Lord Mandelson, one of the key figures in transforming the Labour Party under Tony Blair and who went on to serve in the cabinet, hit out at “persistent underinvestment”.

His comments came after a report by the Institute for Public Policy Research (IPPR) found that the UK has been bottom of the league in the G7 group of major economies when it comes to investment for 24 out of the last 30 years.

Countries like Slovenia, Latvia and Hungary attract higher levels of private sector investment than the UK as a per cent of GDP, the think tank revealed.

Lord Mandelson, who served as business secretary in Gordon Brown’s government, spoke in Edinburgh on Thursday to claim that this low level of investment is linked to falling productivity in the UK.

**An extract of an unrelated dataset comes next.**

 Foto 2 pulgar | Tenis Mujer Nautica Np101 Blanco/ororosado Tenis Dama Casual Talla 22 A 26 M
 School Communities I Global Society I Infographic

Speaking ahead of Chancellor Rachel Reeves’ first Budget later this month, the Labour peer spoke at an event organised by the Reform Scotland think tank.

He said the UK needs to “appreciate — and measure — the value of investment, rather than merely the cost of it”.

He took aim at Brexit, arguing that the impact of leaving the European Union means administrations across the UK need to get every area of economic policy right, including industrial policy, infrastructure, planning, skills, science and innovation, regulation and migration by skilled workers.

He said: “The very hard Brexit forced through by Boris Johnson, means that we are, for now, driving with an economic handbrake on, and we can’t put that handbrake off. It is what it is.

“It’s difficult to see this being reversed within the next decade. That’s not just about our politics, but politics within the EU.

“If we think that re-entering he EU, or even renegotiation, is anything like the unilateral position on our part, it isn’t.

“So the new Government will have to focus in the meantime on mitigating the higher barriers that we have created to our nearest largest market as we possibly can.”

He said getting the Government’s economic growth strategy right will mean the UK becomes “the most dynamic economy in Europe”.

This means that while the UK is “damaged by Brexit” it would not be “defined by it” and would be “still the most attractive European market for private and venture capital”.

The UK Government has been contacted for comment.